As with the previous Nashville projects, Burnett and Piersante will choose the pieces from their own collections of gear and instruments “to complement what the studio has,” Piersante says. “When we track, an important part of it is to use some of our equipment — T Bone’s guitars and amps, some of my old mics — that you’re not gonna find in a typical studio.” But this precious cargo no longer travels without a chaperone. That practice ended after a series of mishaps, including the gouging of a beautiful old amp by a forklift. Instead, Burnett’s trusted guitar tech (and much more), Paul Ackling, oversees the loading into a well-cushioned truck and drives the gear himself between the two cities.

They always rent a few pieces of gear locally as well, including an all-important Studer 24-track. “People ask why we still cut to tape, but no one’s complained about the way our stuff sounds, and it seems like it’s always been worth it,” Piersante explains. “At the same time, it’s hard to deny the flexibility of digital, so we’ll normally take our tapes and carefully transfer them, with really good converters and clocks to a digital audio workstation and work from there on edits. Sometimes we’ll even do vocals in the box. And then we’ll mix out of the box, one-to-one, and do all of our treatment on an analog console, mixing back to quarter-inch tape. We go 30 ips on an Ampex ATR 102. So we start out on tape and end on tape, and that’s what we deliver to the mastering house.”

When I ask Piersante if he realized what a special record Raising Sand was while he was working on it, he replies, “I gotta tell you with the ultimate amount of sincerity that nearly every project I do with T Bone has that feeling to it.
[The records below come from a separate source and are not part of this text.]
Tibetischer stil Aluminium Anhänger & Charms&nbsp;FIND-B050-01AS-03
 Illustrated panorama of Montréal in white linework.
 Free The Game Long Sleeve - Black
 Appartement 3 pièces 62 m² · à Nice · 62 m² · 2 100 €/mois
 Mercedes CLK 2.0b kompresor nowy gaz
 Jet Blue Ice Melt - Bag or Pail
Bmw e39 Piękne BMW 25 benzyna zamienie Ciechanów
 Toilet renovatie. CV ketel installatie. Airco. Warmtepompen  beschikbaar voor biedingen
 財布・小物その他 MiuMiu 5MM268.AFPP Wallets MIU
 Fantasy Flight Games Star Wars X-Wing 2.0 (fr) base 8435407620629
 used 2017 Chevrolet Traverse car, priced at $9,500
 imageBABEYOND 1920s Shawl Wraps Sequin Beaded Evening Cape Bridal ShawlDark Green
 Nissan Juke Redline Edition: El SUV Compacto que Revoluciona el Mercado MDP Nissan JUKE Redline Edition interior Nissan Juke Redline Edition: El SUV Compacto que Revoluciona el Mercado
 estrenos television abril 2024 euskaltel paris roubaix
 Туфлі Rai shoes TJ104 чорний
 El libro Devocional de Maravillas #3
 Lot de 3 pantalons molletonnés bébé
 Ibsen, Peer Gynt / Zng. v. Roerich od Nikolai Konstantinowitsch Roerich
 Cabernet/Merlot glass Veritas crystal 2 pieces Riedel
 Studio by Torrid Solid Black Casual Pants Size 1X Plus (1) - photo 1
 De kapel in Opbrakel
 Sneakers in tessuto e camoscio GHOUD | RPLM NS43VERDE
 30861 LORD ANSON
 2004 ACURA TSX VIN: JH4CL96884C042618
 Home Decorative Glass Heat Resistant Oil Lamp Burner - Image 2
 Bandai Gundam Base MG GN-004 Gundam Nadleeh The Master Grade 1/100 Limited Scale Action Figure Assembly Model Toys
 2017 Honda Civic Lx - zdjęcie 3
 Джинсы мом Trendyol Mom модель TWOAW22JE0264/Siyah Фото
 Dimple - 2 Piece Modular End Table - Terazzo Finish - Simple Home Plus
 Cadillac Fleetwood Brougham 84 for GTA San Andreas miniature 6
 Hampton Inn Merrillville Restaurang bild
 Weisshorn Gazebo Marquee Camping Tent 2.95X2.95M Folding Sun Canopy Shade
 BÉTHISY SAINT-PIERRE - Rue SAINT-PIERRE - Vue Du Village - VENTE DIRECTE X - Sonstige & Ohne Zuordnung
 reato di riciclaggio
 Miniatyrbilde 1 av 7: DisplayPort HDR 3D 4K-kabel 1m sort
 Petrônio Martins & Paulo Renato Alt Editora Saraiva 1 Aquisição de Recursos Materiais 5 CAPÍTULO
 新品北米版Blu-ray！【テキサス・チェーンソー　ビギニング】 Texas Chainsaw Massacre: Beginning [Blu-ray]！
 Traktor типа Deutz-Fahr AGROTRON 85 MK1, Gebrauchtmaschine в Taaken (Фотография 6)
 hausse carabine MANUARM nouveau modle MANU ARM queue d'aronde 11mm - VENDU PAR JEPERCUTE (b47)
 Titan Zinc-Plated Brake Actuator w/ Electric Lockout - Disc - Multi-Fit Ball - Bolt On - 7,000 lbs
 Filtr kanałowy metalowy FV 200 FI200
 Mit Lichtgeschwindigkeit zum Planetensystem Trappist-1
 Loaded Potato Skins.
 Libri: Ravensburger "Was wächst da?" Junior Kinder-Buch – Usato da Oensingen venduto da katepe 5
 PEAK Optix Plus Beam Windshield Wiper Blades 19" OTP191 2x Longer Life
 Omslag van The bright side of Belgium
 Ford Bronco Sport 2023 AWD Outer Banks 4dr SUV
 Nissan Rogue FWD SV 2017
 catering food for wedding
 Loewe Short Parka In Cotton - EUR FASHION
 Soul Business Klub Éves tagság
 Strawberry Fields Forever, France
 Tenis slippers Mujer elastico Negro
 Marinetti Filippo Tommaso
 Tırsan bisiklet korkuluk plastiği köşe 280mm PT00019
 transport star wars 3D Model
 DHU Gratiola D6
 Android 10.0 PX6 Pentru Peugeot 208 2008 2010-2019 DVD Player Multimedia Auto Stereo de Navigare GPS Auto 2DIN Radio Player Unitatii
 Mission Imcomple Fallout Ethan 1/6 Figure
A lot of it is because of the type of artist he brings in. It’s a privilege to work with B.B. King, Ralph Stanley, John Mellencamp, Alison and Robert, obviously. So every session has that feeling of history being made. I’m really proud to be here and be part of it. But as far as commercial success goes, I don’t have a good handle on that.”

Informed that Raising Sand has been certified Platinum, Piersante says, “Wow — no kiddin’. Someone should be sending me a plaque then, I guess.”